Using a parser for implementing `parse_expr`? #145

Krzmbrzl · 2023-09-19T10:40:38Z

Afaict the functionality behind sequant::parse_expr is currently based on sophisticated regular expressions. However, I was wondering whether it might not be more straight forward to instead use an actual parser for this purpose (see also https://stackoverflow.com/q/11905506)?

Such a parser could be simply auto-generated from a grammar file that I believe will be much more readable as a whole than the current regular expressions. Plus, making changes to such a grammar typically tends to be a lot easier than refactoring regular expressions.

I would recommend making use of https://github.com/yhirose/cpp-peglib, which doesn't need a separate generation step for the parser (as in: use an external tool to generate the C++ source files that constitute the parser) but instead compiles the parser in-place (pretty much the same as RegEx work).

Since I have to mess with the parsing logic when implementing #107 anyway, I am actually considering whether it might be less work to simply refactor the parsing into a PEG grammar rather than fully wrap my head around the regular expressions (and the hard-coded match group indices) 🤔

@bimalgaudel it seems to me that you were the one who (originally) wrote the parsing code. Are there specific reasons why you chose to use regular expressions over a parser?

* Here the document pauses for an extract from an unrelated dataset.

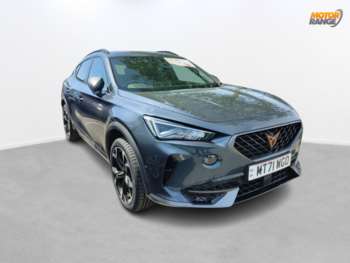 2022 - 1.5 TSI 150 V2 5dr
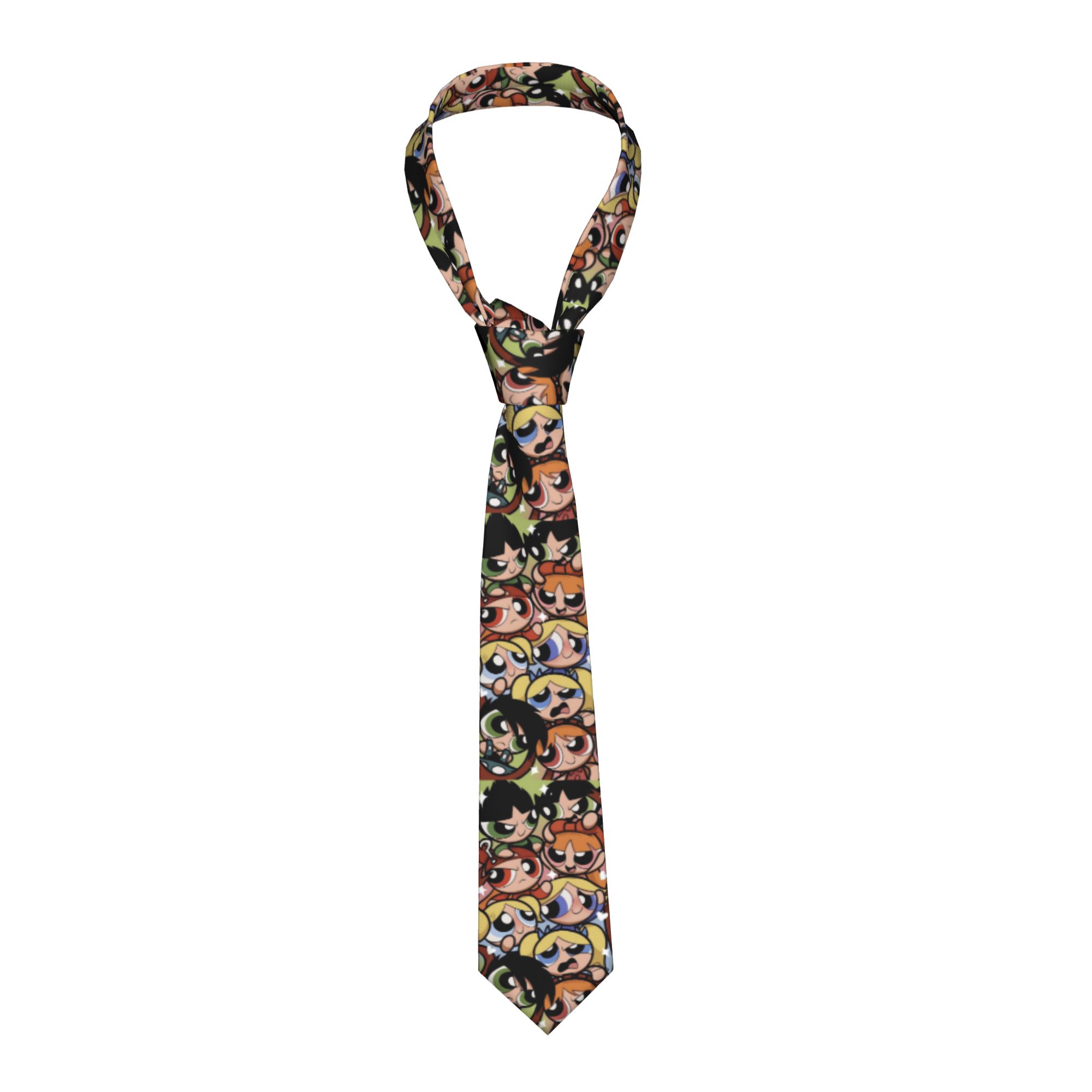 Whoopass Girls Cartoon 90s Nec - Women'S Accessories In The 90S review and price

As a nice bonus, using a parser would allow us to get proper error messages that can be displayed to the user if their input is invalid.

The text was updated successfully, but these errors were encountered:

Krzmbrzl · 2023-09-19T10:50:21Z

To get an impression of how the definition could look like, here's a simplified grammar for SeQuant-like expressions that I have quickly thrown together (doesn't quite work yet, but should draw the picture)
Here's how the entire grammar for expression parsing would look like (not thoroughly tested but seems to work - try it yourself here):

# Parser for SeQuant expressions
Sum        <- Product (( '+' / '-' ) Product)*
Product    <- Group ('*'? Group)*
Group      <- '(' Sum ')' / Elementary
Elementary <- Tensor / Variable / Number
Tensor     <- Name IndexSpecs Symmetry?
IndexSpecs <- '^{' IndexList? '}_{' IndexList? '}' / '_{' IndexList? '}^{' IndexList? '}' / '{' IndexList? ';' IndexList? '}'
IndexList  <- Index (',' Index)*
Index      <- Name ( '<' Name (',' Name)* '>' )?
Symmetry   <- ':A' / ':S' / ':N'
Variable   <- Name
Name       <- < [a-zA-Z_] [a-zA-Z_0-9]* >
Number     <- < ('+' / '-')? Real ('/' Real)? >
Real       <- [0-9]+ ('.' [0-9]*)?

%whitespace <- [ \t]*

This would then only have to be amended with the corresponding actions that transform the parsed expression into actual SeQuant objects.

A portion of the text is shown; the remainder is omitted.